Here's an idea of how this could be happening:

arc_write() does (annotated):

    zio = zio_write(...,
        abd_get_from_buf(buf->b_data, HDR_GET_LSIZE(hdr)), //abd
        HDR_GET_LSIZE(hdr), //lsize
        arc_buf_size(buf), //psize

If this is a dedup,verify write, this zio will go through zio_ddt_collision().

The problem comes when we are writing already-compressed data, due to receiving from zfs send send --compressed. In this case, the abd that arc_write() creates is of size HDR_GET_LSIZE(hdr), the logical (uncompressed) size. But the buffer is actually only arc_buf_size(), which is the smaller, "physical", already-compressed size. So the abd is referencing past the end of the buffer, into potentially unmapped virtual addresses, but for the most part that doesn't matter because we don't read past the psize (arc_buf_size()).

However, zio_ddt_collision() has this code:

        zio_t *lio = dde->dde_lead_zio[p];
...
            return (lio->io_orig_size != zio->io_orig_size ||
                abd_cmp(zio->io_orig_abd, lio->io_orig_abd) != 0);

What's happening here is that we are doing a dedup,verify write, and we've found a hit in the DDT, so we are going to verify that the data referenced by the entry in the dedup table (the DDE) is the same as the data we are writing. Typically we will read the data off disk and then compare it to what we are writing. But in this case, we are still in the middle of writing out the block that the DDE will reference (in the currently-syncing txg, while we are writing in the next (open) txg).
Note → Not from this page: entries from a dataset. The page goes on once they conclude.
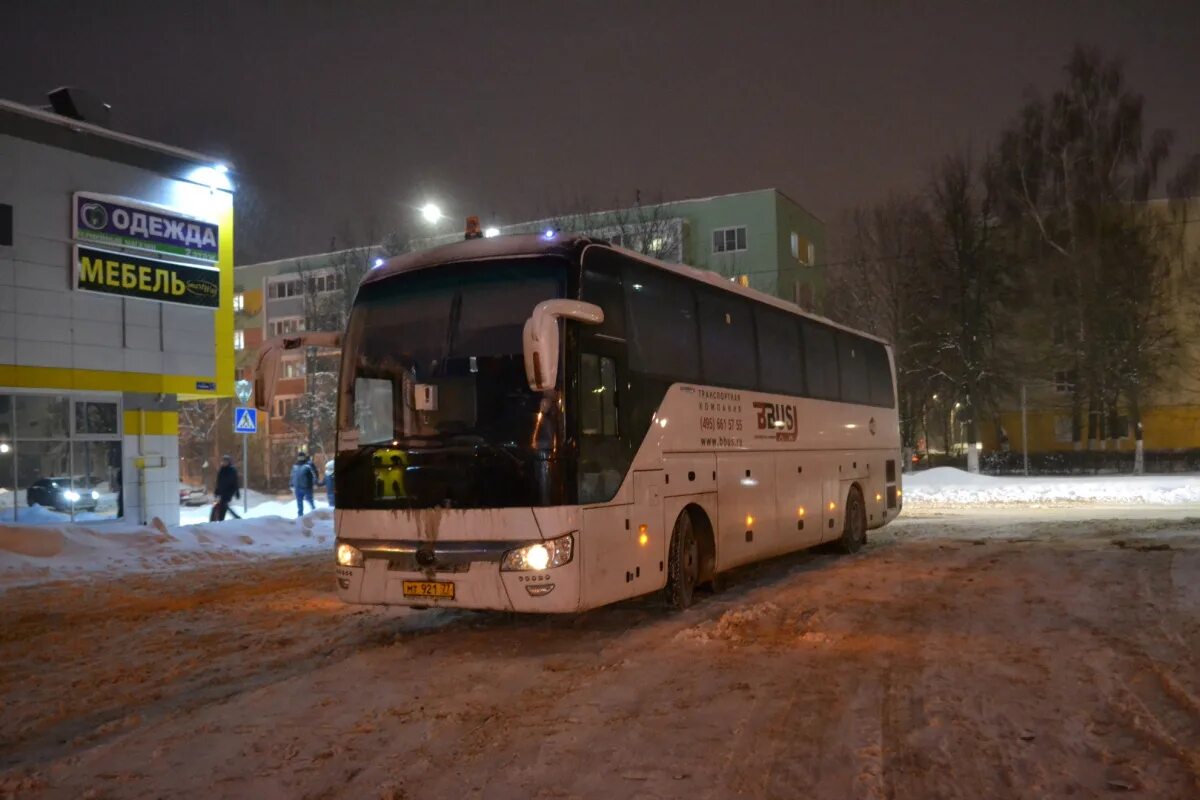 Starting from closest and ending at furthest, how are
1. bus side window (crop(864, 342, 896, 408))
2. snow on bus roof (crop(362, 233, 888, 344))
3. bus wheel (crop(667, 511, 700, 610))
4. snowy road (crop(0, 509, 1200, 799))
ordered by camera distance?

So rather than reading the data off disk, we compare with the data that the earlier zio is writing.

This code assumes that if the two zio's io_orig_size (i.e. psize) is the same, then their abd's will be the same size. In this case of arc_write() using a wrong-size abd for an already-compressed write, typically both the old and new zio's would have gone through the same code paths and so both of them would have io_orig_size being the compressed size and io_orig_abd->abd_size being the uncompressed size. This would lead to incorrectly thinking that there is a collision (same hash but different buffer contents) because we are comparing past the end of the actual (compressed) buffer.
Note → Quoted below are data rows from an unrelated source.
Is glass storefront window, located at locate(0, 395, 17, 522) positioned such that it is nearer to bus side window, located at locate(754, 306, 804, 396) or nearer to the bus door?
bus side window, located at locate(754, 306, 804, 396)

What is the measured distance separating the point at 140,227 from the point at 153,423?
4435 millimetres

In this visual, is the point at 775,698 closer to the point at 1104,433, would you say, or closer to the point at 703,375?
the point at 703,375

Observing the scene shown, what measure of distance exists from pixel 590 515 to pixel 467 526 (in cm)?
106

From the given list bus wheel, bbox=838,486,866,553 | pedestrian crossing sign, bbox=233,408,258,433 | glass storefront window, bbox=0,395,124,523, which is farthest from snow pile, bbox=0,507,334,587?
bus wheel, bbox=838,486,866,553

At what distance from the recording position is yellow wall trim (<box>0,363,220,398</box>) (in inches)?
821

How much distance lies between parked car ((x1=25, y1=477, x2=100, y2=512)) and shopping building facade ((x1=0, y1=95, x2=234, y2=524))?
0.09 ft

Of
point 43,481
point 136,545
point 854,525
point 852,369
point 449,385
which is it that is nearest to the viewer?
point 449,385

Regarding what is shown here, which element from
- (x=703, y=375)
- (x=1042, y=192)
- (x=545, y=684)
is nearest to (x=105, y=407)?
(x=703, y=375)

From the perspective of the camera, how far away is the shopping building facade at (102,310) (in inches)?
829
I'm not yet sure how the later zio ends up with the correct (smaller, compressed) io_orig_abd->abd_size.

FYI, the earlier zio (dde_lead_zio) is created by zio_ddt_write (paraphrasing):

        dde->dde_lead_zio[p] = zio_write(...,
            zio->io_orig_abd, //abd
            zio->io_orig_size, //lsize
            zio->io_orig_size, //psize

So it preserves the incorrect abd size. It does seem odd to me that it sets the lsize of the new zio to be the same as the psize, but maybe that doesn't matter.

Is there any chance you could get a crash dump that we could use to check if this hypothesis is correct, and see if we can explain the difference in abd sizes of the two zio's?

Incidentally, what is your use case for dedup=edonr,verify, as opposed to using a stronger hash function and not verifying? Dedup verification is not widely used and is a feature that we would potentially consider deprecating and eventually removing, so I'd like to understand if there are workloads for which it is much better than the alternatives.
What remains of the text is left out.